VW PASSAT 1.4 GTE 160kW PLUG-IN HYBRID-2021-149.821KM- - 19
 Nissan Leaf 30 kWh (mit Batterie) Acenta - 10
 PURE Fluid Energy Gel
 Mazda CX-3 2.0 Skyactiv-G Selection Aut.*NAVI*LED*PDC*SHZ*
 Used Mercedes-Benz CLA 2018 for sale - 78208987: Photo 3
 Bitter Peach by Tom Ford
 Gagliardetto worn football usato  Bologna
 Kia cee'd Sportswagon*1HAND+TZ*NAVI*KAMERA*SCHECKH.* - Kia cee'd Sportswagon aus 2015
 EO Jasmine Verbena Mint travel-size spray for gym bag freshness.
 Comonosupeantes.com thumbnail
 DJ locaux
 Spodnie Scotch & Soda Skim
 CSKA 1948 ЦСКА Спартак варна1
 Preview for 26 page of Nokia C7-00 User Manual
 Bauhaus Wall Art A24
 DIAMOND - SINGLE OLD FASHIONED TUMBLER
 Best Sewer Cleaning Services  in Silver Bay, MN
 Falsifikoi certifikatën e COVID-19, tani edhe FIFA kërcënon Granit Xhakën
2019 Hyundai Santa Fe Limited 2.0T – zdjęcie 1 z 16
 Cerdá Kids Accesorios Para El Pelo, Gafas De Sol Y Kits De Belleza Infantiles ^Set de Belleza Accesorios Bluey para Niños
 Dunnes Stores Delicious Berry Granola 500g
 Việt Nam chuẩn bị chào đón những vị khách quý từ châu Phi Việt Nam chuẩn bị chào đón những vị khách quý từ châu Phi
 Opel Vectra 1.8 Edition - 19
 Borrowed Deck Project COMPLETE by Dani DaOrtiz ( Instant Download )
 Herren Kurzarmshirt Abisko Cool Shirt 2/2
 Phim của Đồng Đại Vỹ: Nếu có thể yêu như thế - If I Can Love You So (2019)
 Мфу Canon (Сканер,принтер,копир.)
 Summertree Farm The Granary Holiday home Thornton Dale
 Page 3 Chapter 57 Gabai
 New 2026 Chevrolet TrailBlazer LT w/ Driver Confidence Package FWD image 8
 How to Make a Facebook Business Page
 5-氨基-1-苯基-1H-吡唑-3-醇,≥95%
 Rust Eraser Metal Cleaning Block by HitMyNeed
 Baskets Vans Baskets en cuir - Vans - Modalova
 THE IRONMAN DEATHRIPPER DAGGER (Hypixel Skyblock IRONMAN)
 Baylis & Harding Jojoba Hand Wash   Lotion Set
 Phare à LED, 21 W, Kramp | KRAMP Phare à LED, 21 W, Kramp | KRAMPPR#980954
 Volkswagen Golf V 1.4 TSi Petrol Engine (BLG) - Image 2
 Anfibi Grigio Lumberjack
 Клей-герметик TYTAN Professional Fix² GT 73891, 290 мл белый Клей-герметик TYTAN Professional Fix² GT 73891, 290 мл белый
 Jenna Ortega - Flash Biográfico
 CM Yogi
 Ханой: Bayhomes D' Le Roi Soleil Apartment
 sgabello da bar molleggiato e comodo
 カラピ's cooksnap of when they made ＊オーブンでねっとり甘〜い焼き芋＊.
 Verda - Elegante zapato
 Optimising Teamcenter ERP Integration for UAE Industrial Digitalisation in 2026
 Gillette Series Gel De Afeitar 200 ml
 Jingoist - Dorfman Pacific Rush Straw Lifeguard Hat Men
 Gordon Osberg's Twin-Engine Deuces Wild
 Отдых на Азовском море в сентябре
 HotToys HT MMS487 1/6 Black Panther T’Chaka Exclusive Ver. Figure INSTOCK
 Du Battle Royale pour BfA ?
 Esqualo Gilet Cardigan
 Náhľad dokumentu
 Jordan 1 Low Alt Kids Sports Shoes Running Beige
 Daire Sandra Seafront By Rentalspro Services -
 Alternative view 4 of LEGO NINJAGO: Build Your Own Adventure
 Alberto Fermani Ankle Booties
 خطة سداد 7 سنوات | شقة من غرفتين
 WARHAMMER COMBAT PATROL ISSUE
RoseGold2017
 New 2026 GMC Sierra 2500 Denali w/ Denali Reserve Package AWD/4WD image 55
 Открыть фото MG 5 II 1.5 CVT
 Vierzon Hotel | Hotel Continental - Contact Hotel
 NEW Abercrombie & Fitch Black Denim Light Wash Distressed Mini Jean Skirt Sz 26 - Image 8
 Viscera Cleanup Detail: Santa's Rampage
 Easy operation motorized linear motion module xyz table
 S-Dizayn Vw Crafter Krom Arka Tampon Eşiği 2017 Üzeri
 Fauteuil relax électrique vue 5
○ ○ ○ ○ ○
## PROBLEM TO WORK ON
An exact copy of the listing above is what is wanted.

## REPLY TO THE EXERCISE
VW PASSAT 1.4 GTE 160kW PLUG-IN HYBRID-2021-149.821KM- - 19
 Nissan Leaf 30 kWh (mit Batterie) Acenta - 10
 PURE Fluid Energy Gel
 Mazda CX-3 2.0 Skyactiv-G Selection Aut.*NAVI*LED*PDC*SHZ*
 Used Mercedes-Benz CLA 2018 for sale - 78208987: Photo 3
 Bitter Peach by Tom Ford
 Gagliardetto worn football usato  Bologna
 Kia cee'd Sportswagon*1HAND+TZ*NAVI*KAMERA*SCHECKH.* - Kia cee'd Sportswagon aus 2015
 EO Jasmine Verbena Mint travel-size spray for gym bag freshness.
 Comonosupeantes.com thumbnail
 DJ locaux
 Spodnie Scotch & Soda Skim
 CSKA 1948 ЦСКА Спартак варна1
 Preview for 26 page of Nokia C7-00 User Manual
 Bauhaus Wall Art A24
 DIAMOND - SINGLE OLD FASHIONED TUMBLER
 Best Sewer Cleaning Services  in Silver Bay, MN
 Falsifikoi certifikatën e COVID-19, tani edhe FIFA kërcënon Granit Xhakën
2019 Hyundai Santa Fe Limited 2.0T – zdjęcie 1 z 16
 Cerdá Kids Accesorios Para El Pelo, Gafas De Sol Y Kits De Belleza Infantiles ^Set de Belleza Accesorios Bluey para Niños
 Dunnes Stores Delicious Berry Granola 500g
 Việt Nam chuẩn bị chào đón những vị khách quý từ châu Phi Việt Nam chuẩn bị chào đón những vị khách quý từ châu Phi
 Opel Vectra 1.8 Edition - 19
 Borrowed Deck Project COMPLETE by Dani DaOrtiz ( Instant Download )
 Herren Kurzarmshirt Abisko Cool Shirt 2/2
 Phim của Đồng Đại Vỹ: Nếu có thể yêu như thế - If I Can Love You So (2019)
 Мфу Canon (Сканер,принтер,копир.)
 Summertree Farm The Granary Holiday home Thornton Dale
 Page 3 Chapter 57 Gabai
 New 2026 Chevrolet TrailBlazer LT w/ Driver Confidence Package FWD image 8
 How to Make a Facebook Business Page
 5-氨基-1-苯基-1H-吡唑-3-醇,≥95%
 Rust Eraser Metal Cleaning Block by HitMyNeed
 Baskets Vans Baskets en cuir - Vans - Modalova
 THE IRONMAN DEATHRIPPER DAGGER (Hypixel Skyblock IRONMAN)
 Baylis & Harding Jojoba Hand Wash   Lotion Set
 Phare à LED, 21 W, Kramp | KRAMP Phare à LED, 21 W, Kramp | KRAMPPR#980954
 Volkswagen Golf V 1.4 TSi Petrol Engine (BLG) - Image 2
 Anfibi Grigio Lumberjack
 Клей-герметик TYTAN Professional Fix² GT 73891, 290 мл белый Клей-герметик TYTAN Professional Fix² GT 73891, 290 мл белый
 Jenna Ortega - Flash Biográfico
 CM Yogi
 Ханой: Bayhomes D' Le Roi Soleil Apartment
 sgabello da bar molleggiato e comodo
 カラピ's cooksnap of when they made ＊オーブンでねっとり甘〜い焼き芋＊.
 Verda - Elegante zapato
 Optimising Teamcenter ERP Integration for UAE Industrial Digitalisation in 2026
 Gillette Series Gel De Afeitar 200 ml
 Jingoist - Dorfman Pacific Rush Straw Lifeguard Hat Men
 Gordon Osberg's Twin-Engine Deuces Wild
 Отдых на Азовском море в сентябре
 HotToys HT MMS487 1/6 Black Panther T’Chaka Exclusive Ver. Figure INSTOCK
 Du Battle Royale pour BfA ?
 Esqualo Gilet Cardigan
 Náhľad dokumentu
 Jordan 1 Low Alt Kids Sports Shoes Running Beige
 Daire Sandra Seafront By Rentalspro Services -
 Alternative view 4 of LEGO NINJAGO: Build Your Own Adventure
 Alberto Fermani Ankle Booties
 خطة سداد 7 سنوات | شقة من غرفتين
 WARHAMMER COMBAT PATROL ISSUE
RoseGold2017
 New 2026 GMC Sierra 2500 Denali w/ Denali Reserve Package AWD/4WD image 55
 Открыть фото MG 5 II 1.5 CVT
 Vierzon Hotel | Hotel Continental - Contact Hotel
 NEW Abercrombie & Fitch Black Denim Light Wash Distressed Mini Jean Skirt Sz 26 - Image 8
 Viscera Cleanup Detail: Santa's Rampage
 Easy operation motorized linear motion module xyz table
 S-Dizayn Vw Crafter Krom Arka Tampon Eşiği 2017 Üzeri
 Fauteuil relax électrique vue 5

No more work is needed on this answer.